Moon made the case for an “Iron Silk Road” in Central Asia during recent visits to Turkmenistan, Uzbekistan, and Kazakhstan. In an address to the Uzbek legislature, Moon waxed poetic about the proposal: “On my way here, I imagined a day 1,500 years ago. That was the day when envoys from an ancient Korean kingdom arrived in Samarkand.”
“Doesn’t just the thought of it make your heart leap?” he said.
Seoul argues the policy is also smart diplomacy — such links would encourage regional economic integration with China and Russia, giving both a stronger reason to cooperate in efforts to improve the political situation on the peninsula.
Russia appears to agree, though it is less enthusiastic about making big commitments.
It invested about $340 million to renovate a 54-kilometer (33-mile) stretch of railway that connects the North’s Rajin special trade zone and port with the Russian town of Khasan. The work was completed in 2013 and 40,500 tons of Russian coal were sent via rail to Rajin port for transport on a Chinese-flagged ship to Pohang, in South Korea, in the summer 2014.
Moscow announced a $25 billion plan to modernize 3,500 kilometers (2,200 miles) of railways in the North, or half its total, that same year.
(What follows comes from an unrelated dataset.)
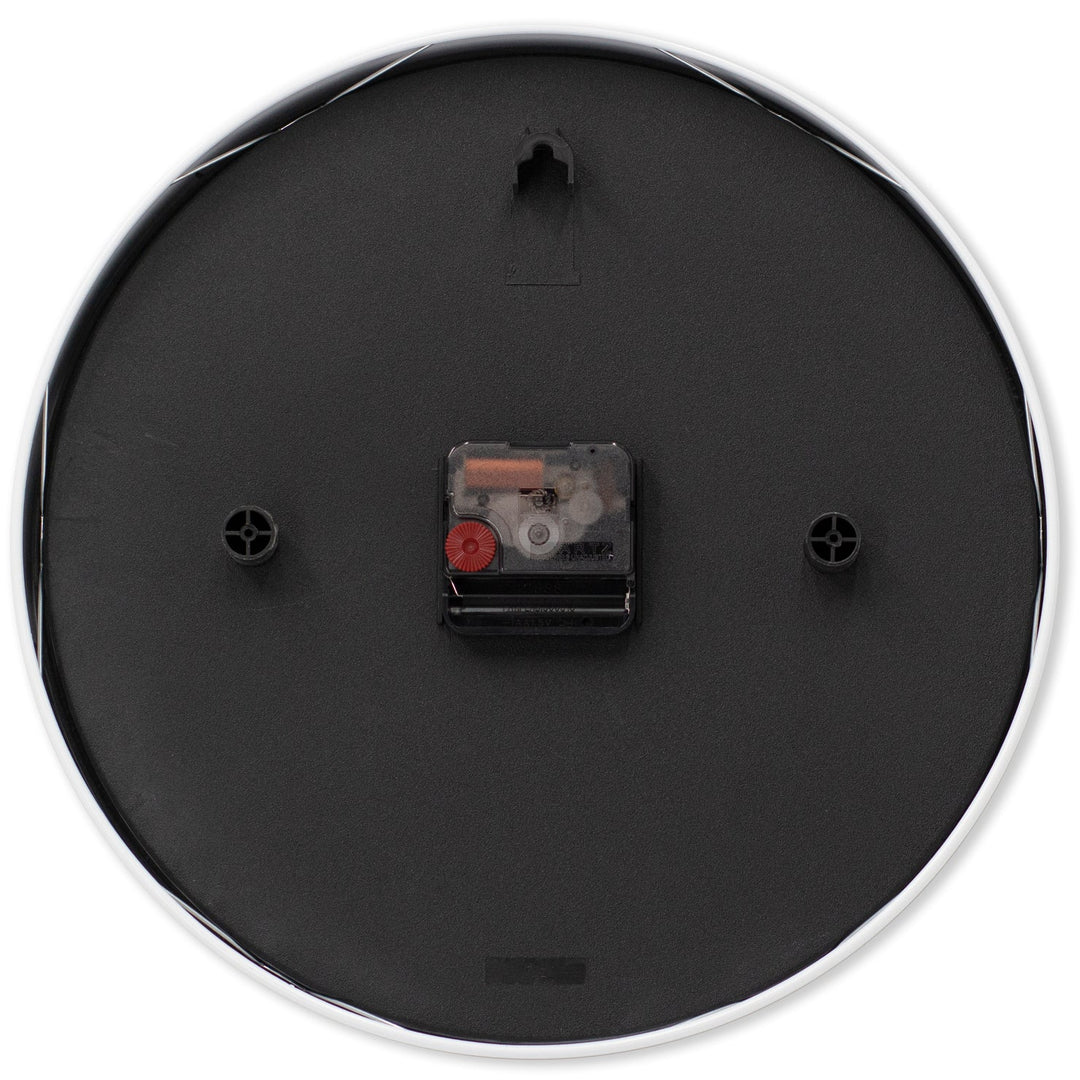 One Six Eight London Elsa Wall Clock Black 40cm 23166 3 #size_30cm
Experts point out the plan was more of an estimate of likely needs than a commitment to actually cover that cost.
Along with the costs of revamping the North’s dilapidated rail system, however, the political climate in Washington remains a big hurdle.
The Trump administration maintains that sanctions must stay in place until Kim commits to denuclearize his country.
During a period of greater detente, the Koreas started freight services between the South’s Munsan Station and the North’s Panmun Station in 2007. The South used the trains to move construction materials north, while clothing and shoes made at the factory park were sent south.
But the line was cut in November 2008 due to political tensions over North Korea’s nuclear program.
For the first time since then, a South Korean train rolled into North Korea last November to begin a weeklong rail survey. South Korean officials traveled to North Korea by train the next month to attend a groundbreaking ceremony for a joint project to modernize the North’s railways and roads and connect them with the South.
Beyond on-site reviews and ceremonies, however, the U.S.-led sanctions make it virtually impossible for the ambitious project to begin in earnest.
Merely traveling to the groundbreaking ceremony required a special exemption from the UN Security Council because it involved South Korean transport vehicles and goods.